Kenya - Massive transformation in the Internet market
September 2007
Paul Budde writes:
Kenya's Internet sector is undergoing massive transformation.
Several new carriers have been licensed to compete with Telkom Kenya in the international bandwidth market and several large-scale national and international fibre projects are being rolled out.
This will bring bandwidth prices down and open the Internet up to the mass market.
VoIP Internet telephony has been liberalised, promising to bring the long-awaited reduction of international and long-distance calling rates. Wireless broadband technologies and ADSL, soon to be followed by ADSL2, have been introduced and at least four WiMAX network rollouts are going on or being planned with the aim of providing converged voice, data and video/broadband TV (triple-play) services.
Mergers and acquisitions are in full swing as the various players in this fast growing market are positioning themselves.
Kenya’s mobile market looks likely to move beyond a duopoly in 2007 with the third operator, already licensed since 2003, set to finally overcome its legal challenges and shareholder disputes.
At the same time, fixed-line incumbent Telkom Kenya will be privatised and licensed to compete in the mobile sector directly, and the to-be-licensed second national operator (SNO) will have a mobile concession as well.
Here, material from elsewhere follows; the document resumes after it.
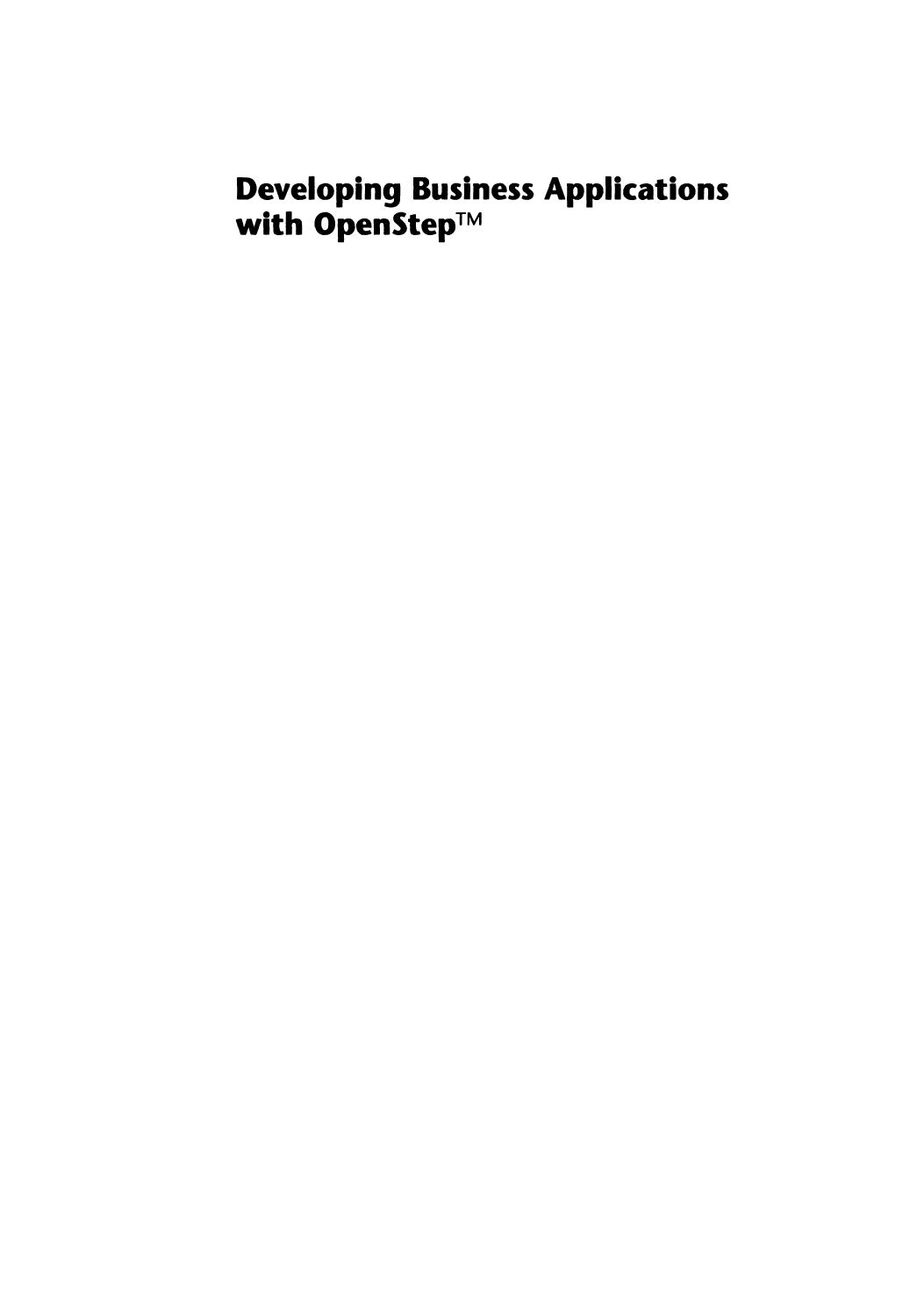 Developing Business Applications with OpenStepâ¢ by Nik Gervae Peter Clark (auth.)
Telkom would have to dispose of its majority stake in leading mobile operator Safaricom, opening up an opportunity for strategic investors. Convergence is ever-present in this dynamic and fast growing market, with VoIP enabling cheaper calls through new international gateways, the introduction of 3G mobile services catapulting the mobile operators into the virtually untapped Internet sector, and mobile banking services empowering the largely un-banked population.
Enormous further growth potential exists, with mobile market penetration at only just over 20%.